What is needed
Lines to restate from the data below: from the one containing "SELLER Montpellier HSC Tapis" to the one containing "Proč se některé", both included. Give them again exactly, and only them.

━━ Information given ━━

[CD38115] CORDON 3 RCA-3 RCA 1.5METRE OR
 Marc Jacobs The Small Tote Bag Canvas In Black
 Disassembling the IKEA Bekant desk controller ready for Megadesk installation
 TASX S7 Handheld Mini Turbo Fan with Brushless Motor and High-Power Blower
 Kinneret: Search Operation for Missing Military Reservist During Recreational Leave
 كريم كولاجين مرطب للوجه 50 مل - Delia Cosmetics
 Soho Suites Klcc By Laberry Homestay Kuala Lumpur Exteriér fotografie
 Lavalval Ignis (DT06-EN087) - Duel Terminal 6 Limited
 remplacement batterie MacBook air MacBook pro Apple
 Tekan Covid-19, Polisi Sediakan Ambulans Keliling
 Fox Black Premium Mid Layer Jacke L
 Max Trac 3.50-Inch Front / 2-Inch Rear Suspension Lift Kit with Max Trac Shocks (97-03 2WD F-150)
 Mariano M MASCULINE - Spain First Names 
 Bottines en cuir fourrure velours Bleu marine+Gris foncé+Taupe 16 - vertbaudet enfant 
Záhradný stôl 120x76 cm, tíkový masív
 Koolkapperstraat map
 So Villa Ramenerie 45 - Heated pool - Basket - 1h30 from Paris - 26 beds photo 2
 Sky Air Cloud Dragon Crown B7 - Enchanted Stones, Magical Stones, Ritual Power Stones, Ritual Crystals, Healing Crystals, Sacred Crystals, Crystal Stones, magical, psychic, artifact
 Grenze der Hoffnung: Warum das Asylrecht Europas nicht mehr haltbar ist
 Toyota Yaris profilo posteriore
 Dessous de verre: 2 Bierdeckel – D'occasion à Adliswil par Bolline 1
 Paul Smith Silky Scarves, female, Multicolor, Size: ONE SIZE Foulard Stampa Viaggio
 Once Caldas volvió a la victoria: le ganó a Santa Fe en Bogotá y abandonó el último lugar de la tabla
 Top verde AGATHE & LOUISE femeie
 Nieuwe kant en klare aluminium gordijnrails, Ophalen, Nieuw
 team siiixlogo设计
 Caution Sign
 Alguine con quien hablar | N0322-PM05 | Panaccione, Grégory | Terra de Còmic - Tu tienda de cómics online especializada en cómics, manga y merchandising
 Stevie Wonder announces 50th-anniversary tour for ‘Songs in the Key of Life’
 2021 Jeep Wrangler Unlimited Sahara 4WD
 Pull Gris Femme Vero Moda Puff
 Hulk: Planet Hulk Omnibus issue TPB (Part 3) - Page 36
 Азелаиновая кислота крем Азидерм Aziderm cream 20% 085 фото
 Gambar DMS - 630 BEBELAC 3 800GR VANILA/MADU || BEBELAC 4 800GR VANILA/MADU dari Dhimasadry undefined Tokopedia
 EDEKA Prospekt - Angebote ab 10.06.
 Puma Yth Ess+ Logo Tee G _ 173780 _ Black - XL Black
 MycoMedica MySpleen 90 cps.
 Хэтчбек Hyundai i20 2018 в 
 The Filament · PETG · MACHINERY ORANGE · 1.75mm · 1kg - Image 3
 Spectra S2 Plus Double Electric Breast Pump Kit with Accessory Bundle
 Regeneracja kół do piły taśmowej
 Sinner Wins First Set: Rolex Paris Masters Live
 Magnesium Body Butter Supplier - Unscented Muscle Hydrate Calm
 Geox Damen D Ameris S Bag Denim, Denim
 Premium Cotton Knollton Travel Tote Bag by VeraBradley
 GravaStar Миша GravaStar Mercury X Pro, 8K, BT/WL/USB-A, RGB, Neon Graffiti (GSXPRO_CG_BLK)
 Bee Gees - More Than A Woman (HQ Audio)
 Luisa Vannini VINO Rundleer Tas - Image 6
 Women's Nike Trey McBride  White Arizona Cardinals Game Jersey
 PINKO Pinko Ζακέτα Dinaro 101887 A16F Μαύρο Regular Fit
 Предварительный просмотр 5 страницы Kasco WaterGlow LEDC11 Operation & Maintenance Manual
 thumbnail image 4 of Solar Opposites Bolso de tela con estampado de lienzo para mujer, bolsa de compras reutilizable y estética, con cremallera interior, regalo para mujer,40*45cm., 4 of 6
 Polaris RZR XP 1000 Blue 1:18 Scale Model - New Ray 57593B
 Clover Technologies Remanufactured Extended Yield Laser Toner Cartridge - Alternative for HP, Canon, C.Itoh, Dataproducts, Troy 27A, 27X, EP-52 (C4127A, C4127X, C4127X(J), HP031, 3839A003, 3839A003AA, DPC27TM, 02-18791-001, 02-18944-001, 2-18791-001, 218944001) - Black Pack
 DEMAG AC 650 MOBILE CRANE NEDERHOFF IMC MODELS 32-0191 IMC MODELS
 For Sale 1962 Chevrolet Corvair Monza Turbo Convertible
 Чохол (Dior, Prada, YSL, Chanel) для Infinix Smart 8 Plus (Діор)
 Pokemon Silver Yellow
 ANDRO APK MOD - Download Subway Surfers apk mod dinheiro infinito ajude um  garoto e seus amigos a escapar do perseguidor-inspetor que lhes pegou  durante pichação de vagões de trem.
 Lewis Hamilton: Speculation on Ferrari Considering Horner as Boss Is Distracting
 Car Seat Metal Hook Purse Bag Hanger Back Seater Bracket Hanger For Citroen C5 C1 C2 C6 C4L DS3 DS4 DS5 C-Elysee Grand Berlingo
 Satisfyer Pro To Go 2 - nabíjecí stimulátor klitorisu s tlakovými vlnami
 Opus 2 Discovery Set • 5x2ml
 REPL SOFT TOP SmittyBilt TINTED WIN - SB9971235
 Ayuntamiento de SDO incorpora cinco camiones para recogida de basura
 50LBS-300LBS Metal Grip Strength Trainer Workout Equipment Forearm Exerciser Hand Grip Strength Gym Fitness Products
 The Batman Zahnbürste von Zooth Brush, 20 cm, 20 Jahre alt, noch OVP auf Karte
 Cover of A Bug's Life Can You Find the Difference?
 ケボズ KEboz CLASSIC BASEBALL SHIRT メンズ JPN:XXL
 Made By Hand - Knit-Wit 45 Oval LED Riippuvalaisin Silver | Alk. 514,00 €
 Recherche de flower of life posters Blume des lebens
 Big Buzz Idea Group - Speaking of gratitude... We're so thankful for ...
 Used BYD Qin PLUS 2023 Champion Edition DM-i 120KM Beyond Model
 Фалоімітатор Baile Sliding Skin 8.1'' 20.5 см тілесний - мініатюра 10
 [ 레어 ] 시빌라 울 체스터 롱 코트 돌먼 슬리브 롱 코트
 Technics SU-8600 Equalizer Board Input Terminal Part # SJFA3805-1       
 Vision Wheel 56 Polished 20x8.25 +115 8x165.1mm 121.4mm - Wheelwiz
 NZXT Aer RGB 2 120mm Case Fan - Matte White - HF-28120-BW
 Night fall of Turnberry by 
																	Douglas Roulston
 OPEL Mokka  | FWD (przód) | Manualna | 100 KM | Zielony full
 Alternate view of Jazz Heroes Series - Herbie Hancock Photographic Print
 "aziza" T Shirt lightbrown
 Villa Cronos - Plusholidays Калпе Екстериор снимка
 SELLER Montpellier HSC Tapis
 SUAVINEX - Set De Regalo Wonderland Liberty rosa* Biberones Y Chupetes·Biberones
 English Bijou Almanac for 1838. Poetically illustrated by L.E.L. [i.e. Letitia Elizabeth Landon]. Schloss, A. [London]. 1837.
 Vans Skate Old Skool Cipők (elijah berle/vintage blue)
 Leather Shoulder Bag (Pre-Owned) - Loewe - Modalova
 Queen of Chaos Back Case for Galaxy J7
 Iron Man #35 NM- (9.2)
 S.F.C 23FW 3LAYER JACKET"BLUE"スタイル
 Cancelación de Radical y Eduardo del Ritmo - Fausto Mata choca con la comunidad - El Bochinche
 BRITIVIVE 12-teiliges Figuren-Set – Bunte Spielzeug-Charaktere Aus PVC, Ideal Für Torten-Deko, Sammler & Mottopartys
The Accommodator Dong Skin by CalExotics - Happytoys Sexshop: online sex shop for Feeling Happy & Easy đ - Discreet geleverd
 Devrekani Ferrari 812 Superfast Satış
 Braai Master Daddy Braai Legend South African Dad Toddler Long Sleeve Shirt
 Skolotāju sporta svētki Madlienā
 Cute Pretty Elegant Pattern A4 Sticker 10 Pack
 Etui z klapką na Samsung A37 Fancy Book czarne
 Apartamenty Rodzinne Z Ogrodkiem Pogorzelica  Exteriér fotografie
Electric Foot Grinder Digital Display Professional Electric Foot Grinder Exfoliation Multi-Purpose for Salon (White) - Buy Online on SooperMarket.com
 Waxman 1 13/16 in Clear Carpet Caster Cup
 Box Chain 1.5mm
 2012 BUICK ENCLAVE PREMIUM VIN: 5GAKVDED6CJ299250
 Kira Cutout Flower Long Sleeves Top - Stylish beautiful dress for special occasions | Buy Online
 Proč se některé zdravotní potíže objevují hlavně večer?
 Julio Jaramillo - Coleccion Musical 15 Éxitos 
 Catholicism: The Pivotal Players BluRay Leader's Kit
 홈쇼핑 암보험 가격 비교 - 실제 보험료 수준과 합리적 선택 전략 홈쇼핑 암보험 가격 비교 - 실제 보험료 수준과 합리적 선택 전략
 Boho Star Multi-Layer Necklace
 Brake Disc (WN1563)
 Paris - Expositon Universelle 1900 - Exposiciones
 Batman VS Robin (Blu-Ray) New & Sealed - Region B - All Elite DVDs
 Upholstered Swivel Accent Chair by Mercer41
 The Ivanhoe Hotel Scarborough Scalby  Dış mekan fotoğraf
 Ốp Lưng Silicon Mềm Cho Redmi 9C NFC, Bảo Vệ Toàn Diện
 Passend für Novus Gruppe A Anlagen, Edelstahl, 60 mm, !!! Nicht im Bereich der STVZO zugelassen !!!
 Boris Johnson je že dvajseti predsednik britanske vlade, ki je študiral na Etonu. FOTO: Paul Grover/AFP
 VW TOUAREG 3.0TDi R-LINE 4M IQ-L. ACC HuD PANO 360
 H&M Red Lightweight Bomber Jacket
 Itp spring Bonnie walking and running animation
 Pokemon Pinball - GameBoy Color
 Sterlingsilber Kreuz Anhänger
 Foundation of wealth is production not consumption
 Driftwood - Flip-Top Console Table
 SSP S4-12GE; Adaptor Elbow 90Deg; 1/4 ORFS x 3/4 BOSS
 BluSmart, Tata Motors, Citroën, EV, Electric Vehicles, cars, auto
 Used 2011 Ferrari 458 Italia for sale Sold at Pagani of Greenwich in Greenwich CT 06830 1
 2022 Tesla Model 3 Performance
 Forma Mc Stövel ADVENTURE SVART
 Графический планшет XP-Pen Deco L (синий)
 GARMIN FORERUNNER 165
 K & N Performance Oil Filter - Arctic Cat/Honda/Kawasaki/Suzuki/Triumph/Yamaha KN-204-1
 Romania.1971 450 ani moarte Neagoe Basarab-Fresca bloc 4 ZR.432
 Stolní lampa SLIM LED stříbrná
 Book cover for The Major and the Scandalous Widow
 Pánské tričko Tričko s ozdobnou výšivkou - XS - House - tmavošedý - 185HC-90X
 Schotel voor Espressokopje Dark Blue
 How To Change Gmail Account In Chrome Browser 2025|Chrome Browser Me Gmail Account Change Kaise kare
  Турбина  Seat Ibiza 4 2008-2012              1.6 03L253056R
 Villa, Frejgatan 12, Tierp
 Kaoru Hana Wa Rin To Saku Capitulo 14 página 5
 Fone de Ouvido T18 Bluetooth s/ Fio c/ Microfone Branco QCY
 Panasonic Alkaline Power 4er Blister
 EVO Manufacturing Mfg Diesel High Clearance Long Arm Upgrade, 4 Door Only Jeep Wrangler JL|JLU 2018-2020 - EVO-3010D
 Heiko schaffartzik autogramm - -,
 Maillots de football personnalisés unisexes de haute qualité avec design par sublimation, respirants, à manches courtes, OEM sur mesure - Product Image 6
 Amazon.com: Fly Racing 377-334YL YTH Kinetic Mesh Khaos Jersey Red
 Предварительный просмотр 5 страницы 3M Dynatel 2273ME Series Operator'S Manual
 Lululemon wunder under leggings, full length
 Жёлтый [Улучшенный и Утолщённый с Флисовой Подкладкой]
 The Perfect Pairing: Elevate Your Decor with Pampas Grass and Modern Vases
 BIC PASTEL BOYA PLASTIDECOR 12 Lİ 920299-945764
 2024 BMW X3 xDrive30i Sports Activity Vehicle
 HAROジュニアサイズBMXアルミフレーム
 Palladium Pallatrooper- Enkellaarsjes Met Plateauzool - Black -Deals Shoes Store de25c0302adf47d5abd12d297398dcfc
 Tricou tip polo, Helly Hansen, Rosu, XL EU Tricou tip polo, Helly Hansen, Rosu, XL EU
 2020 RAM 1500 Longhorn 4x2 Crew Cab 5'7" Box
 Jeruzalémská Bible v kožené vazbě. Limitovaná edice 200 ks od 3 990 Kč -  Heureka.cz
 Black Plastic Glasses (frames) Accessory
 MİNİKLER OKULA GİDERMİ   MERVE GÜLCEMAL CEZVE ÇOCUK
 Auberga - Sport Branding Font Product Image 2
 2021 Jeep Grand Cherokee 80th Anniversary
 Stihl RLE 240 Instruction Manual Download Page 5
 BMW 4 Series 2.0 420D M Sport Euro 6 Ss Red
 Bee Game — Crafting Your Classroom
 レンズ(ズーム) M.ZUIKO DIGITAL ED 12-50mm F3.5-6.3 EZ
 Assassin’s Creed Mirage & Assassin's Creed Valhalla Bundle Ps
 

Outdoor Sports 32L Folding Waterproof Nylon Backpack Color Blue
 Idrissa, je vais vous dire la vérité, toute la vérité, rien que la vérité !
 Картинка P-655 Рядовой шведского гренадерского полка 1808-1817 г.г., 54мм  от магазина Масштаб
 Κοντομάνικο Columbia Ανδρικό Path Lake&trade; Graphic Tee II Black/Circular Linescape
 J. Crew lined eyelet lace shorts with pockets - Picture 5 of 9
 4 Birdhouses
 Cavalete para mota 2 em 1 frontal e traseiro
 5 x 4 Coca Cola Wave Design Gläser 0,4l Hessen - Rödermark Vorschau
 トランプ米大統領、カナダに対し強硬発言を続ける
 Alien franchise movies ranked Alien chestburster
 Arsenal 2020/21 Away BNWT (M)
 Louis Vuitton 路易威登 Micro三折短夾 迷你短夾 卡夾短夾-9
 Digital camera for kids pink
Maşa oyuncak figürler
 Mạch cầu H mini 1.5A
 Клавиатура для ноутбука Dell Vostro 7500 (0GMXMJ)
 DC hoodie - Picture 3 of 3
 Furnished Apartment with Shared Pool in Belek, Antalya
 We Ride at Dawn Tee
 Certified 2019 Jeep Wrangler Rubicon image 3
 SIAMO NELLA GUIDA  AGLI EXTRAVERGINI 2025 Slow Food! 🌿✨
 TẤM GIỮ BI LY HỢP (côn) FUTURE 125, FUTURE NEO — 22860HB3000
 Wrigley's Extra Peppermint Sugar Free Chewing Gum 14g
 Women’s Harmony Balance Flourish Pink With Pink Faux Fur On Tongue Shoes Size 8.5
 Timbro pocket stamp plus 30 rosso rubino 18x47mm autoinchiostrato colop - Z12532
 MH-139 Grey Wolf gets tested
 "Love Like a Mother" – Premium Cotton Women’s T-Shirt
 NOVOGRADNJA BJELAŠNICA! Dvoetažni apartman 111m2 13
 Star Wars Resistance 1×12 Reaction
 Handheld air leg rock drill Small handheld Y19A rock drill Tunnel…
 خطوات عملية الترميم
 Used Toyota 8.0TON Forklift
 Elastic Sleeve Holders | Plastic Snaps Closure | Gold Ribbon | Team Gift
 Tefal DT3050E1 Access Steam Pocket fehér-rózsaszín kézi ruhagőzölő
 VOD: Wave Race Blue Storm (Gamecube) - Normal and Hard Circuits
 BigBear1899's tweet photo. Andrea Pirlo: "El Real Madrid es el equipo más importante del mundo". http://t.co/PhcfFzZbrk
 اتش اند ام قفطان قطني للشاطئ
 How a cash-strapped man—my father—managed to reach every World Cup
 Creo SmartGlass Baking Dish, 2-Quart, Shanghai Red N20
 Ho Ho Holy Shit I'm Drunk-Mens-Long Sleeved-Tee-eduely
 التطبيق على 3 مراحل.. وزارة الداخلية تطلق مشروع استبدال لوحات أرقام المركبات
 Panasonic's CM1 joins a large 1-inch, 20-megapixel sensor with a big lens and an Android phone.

━━━

Task output
 SELLER Montpellier HSC Tapis
 SUAVINEX - Set De Regalo Wonderland Liberty rosa* Biberones Y Chupetes·Biberones
 English Bijou Almanac for 1838. Poetically illustrated by L.E.L. [i.e. Letitia Elizabeth Landon]. Schloss, A. [London]. 1837.
 Vans Skate Old Skool Cipők (elijah berle/vintage blue)
 Leather Shoulder Bag (Pre-Owned) - Loewe - Modalova
 Queen of Chaos Back Case for Galaxy J7
 Iron Man #35 NM- (9.2)
 S.F.C 23FW 3LAYER JACKET"BLUE"スタイル
 Cancelación de Radical y Eduardo del Ritmo - Fausto Mata choca con la comunidad - El Bochinche
 BRITIVIVE 12-teiliges Figuren-Set – Bunte Spielzeug-Charaktere Aus PVC, Ideal Für Torten-Deko, Sammler & Mottopartys
The Accommodator Dong Skin by CalExotics - Happytoys Sexshop: online sex shop for Feeling Happy & Easy đ - Discreet geleverd
 Devrekani Ferrari 812 Superfast Satış
 Braai Master Daddy Braai Legend South African Dad Toddler Long Sleeve Shirt
 Skolotāju sporta svētki Madlienā
 Cute Pretty Elegant Pattern A4 Sticker 10 Pack
 Etui z klapką na Samsung A37 Fancy Book czarne
 Apartamenty Rodzinne Z Ogrodkiem Pogorzelica  Exteriér fotografie
Electric Foot Grinder Digital Display Professional Electric Foot Grinder Exfoliation Multi-Purpose for Salon (White) - Buy Online on SooperMarket.com
 Waxman 1 13/16 in Clear Carpet Caster Cup
 Box Chain 1.5mm
 2012 BUICK ENCLAVE PREMIUM VIN: 5GAKVDED6CJ299250
 Kira Cutout Flower Long Sleeves Top - Stylish beautiful dress for special occasions | Buy Online
 Proč se některé zdravotní potíže objevují hlavně večer?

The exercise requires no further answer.